Что такое “бедность” рифм? В стихотворении “Золотистого меда струя из бутылки текла...” Мандельштам рифмует: “текла” — “занесла”, “успела” — “поглядела”, но мы не променяем эти бедные рифмы ни на какие богатые. А в стихах “Я видел озеро, стоявшее отвесно...” он и вовсе обманывает нас, рифмуя: “колесе” и “челноке”, — и наш слух не слышит “плохой” рифмы. Может быть, это и есть самая ошеломительная рифмовка, какая вообще возможна. По сравнению с ней виртуозная рифма может показаться бедной. Стихотворение “Я видел озеро, стоявшее отвесно...” написано 4 марта 1937 года, а в стихотворении, написанном 3 марта, там, где это “нужно”, то есть определяется множеством причин, в том числе дактилическими и супердактилическими окончаниями, он рифмует: “жимолости” и “милости”, “карликовых” и “марлевых”: “Правды горлинок твоих и кривды карликовых/Виноградарей в их разгородках марлевых...”, — рифма подготовлена и определяется всем звукорядом.

Кажется, Есенин считал Мандельштама слабым поэтом: у него, видите ли, плохие рифмы! Можно подумать, что у Есенина они хорошие. Явное недоразумение, объясняемое лишь зараженностью Есенина общим наивным поветрием 20-х годов — по-детски понимаемой стихотворной техникой и футуристическими установками, оказавшими на Есенина, вопреки его собственным возможностям и устремлениям, непредусмотренное влияние.

Виртуозная рифма раннего Пастернака — необходимый и многое определяющий момент всей стиховой структуры его первых книг: “непечатным” — “искать нам”, “побрезговал бы” — “не с кого нам”, — и не усомниться в их прелести, оценить их можно, лишь приведя все стихотворение целиком. Рифма позднего Пастернака — совсем иная, не хуже и не лучше: она соответствовала всем переменам, произошедшим в его поэтике и поэтическом сознании.

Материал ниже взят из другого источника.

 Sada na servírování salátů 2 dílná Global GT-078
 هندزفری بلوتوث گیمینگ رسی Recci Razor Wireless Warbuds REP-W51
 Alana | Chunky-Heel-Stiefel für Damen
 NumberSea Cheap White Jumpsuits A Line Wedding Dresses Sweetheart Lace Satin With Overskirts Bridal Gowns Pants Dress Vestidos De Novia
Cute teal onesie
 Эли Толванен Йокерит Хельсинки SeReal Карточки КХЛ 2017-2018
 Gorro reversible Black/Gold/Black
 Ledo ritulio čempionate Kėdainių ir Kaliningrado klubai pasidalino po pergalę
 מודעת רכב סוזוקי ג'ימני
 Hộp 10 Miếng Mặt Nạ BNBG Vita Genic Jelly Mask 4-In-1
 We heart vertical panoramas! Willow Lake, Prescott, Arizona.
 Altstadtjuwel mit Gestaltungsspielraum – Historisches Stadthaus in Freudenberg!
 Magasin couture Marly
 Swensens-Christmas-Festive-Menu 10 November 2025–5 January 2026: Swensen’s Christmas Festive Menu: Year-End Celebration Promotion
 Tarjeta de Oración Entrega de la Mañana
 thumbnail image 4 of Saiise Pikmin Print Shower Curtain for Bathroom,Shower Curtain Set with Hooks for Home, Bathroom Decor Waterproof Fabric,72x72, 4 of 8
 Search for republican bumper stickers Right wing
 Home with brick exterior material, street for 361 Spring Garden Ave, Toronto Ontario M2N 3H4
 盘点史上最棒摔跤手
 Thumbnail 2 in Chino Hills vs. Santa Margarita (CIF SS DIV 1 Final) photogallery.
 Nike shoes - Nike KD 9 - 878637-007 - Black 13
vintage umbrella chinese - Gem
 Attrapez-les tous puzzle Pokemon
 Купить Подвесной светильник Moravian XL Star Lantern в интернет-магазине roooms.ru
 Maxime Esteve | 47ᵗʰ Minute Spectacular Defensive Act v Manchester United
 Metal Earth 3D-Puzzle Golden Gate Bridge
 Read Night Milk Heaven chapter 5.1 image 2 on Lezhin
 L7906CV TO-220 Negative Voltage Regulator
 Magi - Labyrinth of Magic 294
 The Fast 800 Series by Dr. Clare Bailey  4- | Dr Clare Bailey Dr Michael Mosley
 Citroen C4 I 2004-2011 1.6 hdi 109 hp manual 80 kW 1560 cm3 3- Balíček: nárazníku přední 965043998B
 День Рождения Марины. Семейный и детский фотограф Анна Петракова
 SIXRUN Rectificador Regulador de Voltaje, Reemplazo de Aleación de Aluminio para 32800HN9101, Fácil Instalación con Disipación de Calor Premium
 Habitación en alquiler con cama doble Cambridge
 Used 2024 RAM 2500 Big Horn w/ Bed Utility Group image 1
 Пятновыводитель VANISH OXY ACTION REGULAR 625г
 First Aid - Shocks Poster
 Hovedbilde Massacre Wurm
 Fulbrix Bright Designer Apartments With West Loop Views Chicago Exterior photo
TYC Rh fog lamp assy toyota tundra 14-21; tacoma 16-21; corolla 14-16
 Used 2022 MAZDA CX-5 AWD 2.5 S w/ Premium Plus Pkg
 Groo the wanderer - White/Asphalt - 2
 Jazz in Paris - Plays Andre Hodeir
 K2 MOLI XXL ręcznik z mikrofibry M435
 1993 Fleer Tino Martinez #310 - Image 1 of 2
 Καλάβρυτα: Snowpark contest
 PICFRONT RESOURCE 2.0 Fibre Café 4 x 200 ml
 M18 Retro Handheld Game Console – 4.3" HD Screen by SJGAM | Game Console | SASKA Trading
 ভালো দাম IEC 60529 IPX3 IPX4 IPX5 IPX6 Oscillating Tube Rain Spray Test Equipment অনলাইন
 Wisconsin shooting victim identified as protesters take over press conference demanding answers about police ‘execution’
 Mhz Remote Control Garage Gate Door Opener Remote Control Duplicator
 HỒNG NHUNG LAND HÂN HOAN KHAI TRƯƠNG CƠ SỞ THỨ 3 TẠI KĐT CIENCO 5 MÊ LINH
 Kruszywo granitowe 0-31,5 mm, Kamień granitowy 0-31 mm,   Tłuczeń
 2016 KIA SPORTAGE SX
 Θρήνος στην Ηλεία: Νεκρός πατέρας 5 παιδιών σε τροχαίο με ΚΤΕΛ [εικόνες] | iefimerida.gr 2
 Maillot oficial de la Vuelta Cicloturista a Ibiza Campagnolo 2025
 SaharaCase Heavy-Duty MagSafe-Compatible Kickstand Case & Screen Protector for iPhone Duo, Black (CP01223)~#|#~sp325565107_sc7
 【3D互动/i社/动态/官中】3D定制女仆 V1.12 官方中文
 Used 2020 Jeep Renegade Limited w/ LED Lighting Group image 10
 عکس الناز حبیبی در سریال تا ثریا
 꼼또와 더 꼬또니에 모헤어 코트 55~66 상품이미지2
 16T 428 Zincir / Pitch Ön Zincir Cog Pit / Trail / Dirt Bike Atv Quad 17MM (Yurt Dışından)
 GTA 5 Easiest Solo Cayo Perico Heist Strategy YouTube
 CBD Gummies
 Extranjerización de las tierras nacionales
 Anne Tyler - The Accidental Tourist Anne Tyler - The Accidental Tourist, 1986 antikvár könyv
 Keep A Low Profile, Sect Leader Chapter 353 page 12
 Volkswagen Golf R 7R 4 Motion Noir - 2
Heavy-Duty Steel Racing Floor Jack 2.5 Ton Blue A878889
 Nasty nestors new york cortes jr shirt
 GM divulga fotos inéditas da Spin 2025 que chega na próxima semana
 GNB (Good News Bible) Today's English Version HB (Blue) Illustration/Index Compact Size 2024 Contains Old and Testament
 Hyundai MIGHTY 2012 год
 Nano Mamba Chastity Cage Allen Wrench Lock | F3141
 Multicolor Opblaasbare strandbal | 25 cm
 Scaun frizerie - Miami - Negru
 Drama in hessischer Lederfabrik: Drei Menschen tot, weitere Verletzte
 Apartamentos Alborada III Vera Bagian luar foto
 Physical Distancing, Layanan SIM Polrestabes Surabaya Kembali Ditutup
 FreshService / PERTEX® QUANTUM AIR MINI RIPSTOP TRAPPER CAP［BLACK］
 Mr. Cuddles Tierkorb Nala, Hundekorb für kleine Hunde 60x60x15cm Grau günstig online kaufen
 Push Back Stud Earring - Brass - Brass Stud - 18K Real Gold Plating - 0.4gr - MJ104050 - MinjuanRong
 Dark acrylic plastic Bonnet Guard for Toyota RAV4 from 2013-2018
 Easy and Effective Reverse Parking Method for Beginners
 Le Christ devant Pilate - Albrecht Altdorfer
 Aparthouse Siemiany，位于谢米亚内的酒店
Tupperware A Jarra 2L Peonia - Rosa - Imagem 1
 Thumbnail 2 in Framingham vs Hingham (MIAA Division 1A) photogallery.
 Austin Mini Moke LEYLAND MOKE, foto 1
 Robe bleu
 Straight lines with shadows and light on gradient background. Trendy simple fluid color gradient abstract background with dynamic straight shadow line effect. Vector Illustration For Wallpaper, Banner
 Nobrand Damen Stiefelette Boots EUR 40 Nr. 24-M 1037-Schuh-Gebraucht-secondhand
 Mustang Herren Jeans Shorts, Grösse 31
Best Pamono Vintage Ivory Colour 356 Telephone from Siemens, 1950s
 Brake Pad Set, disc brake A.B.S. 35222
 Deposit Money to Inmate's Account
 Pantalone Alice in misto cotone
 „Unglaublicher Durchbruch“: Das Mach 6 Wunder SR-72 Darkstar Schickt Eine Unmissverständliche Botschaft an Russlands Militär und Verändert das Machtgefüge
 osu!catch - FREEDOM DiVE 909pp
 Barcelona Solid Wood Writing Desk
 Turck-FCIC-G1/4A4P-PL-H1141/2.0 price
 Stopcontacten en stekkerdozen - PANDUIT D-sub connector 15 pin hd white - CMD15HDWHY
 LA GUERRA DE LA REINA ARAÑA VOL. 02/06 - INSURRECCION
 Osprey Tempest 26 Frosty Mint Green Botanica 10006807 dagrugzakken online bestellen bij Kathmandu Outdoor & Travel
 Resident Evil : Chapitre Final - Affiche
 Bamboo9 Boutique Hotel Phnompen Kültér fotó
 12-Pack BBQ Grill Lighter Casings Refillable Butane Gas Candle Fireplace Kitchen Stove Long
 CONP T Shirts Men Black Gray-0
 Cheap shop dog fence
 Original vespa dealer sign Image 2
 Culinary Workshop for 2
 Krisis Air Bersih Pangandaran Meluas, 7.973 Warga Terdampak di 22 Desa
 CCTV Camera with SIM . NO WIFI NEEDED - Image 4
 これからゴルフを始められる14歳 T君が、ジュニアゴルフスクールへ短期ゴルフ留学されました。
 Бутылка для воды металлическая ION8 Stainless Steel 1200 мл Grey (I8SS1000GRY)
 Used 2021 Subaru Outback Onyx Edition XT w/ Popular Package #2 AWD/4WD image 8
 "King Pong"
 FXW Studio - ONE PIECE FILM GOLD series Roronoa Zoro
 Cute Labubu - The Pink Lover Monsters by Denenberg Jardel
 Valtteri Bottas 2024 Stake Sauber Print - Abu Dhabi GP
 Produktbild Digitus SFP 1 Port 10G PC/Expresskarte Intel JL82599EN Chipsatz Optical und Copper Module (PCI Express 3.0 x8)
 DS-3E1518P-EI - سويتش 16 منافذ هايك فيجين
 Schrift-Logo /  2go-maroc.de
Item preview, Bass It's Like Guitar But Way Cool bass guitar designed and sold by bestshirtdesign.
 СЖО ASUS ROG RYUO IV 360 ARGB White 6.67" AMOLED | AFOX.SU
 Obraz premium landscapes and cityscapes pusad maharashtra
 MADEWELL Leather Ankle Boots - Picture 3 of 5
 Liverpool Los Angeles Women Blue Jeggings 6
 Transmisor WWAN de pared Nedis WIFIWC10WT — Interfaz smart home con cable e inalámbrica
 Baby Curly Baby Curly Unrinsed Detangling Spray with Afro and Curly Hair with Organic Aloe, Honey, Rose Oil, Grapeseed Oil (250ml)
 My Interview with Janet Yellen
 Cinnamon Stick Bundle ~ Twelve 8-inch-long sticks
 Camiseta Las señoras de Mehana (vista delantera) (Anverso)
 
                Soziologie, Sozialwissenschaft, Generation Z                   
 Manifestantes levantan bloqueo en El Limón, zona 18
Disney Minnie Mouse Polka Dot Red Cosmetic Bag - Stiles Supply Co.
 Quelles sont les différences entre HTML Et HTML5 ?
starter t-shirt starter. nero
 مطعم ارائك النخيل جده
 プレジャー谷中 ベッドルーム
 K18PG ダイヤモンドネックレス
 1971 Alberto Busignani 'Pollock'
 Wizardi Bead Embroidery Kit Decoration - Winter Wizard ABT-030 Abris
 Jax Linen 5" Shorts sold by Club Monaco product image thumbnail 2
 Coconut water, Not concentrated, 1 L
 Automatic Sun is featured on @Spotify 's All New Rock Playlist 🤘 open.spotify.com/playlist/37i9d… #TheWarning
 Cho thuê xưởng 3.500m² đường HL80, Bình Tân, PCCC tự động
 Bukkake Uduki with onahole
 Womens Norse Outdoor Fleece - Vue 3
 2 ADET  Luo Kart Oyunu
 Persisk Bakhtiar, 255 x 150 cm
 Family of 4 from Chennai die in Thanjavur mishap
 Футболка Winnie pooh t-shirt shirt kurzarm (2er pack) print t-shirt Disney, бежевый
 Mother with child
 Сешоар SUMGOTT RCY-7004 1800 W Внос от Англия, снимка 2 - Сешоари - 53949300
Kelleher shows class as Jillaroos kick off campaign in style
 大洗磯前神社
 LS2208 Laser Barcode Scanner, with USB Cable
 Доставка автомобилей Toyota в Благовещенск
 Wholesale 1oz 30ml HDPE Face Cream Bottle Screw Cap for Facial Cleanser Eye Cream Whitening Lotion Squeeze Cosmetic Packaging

Слабые, несамостоятельные поэты носятся с рифмами, придумывают их до стиха и надеются, что рифма вывезет. Не вывезет, потому что настоящие стихи являются представителями (император Павел высадил из своей кареты придворного, употребившего это слово, не потому, правда, что был хорошим стилистом, а потому, что не любил парламентское правление) всего поэтического мира данного автора: он или есть, или его нет, усилием воли им не обзаведешься.

— Возникают ли у вас, человека, который однажды сказал, что не нужно абсолютизировать язык, подменять им тайну мира, Бога, — возникают ли у вас все же формальные сверхзадачи, мечты написать нечто так-то и так-то?

— Для поэта нет ничего дороже родного языка, в котором он не только чувствует себя как рыба в воде, но и кое-что меняет в ее (его) течении. “Я и счастья без слов бы не понял”, — сказано у меня в одном стихотворении.

Тем не менее абсолютизация языка, представление о подневольном служении ему, связанное с теориями, идущими от Хайдеггера, Р. Барта, структуралистов, меня не устраивает. Язык в таком понимании не только речь, не только мышление, но и высшая инстанция.

Не хочу повторяться, об этом я написал в эссе о Бродском, уже упоминавшемся вами.

“Душа, увы, не выстрадает счастья,/Но может выстрадать себя...”, а язык все-таки страдания не знает. И не любит, и не болит. Абсолютизируя язык, мы отказываем в смысле не только, например, музыке, но и любви, о которой в стихах я сказал, что она — “продолженье разговора на новом, лучшем языке”. А Тютчев утверждал, что есть язык у природы (“в ней есть душа... в ней есть язык”), и этот язык можно услышать — достаточно ночью открыть окно и прислушаться к шуму листвы. Должен сказать, что этот шум, и ночной, и дневной, помогал мне и был чуть ли не главным моим вдохновителем в те несколько лет, когда я писал стихи, вошедшие затем в книгу “Таврический сад”. Переходом с короткой строки на длинную, переменой стихового дыхания я обязан ему.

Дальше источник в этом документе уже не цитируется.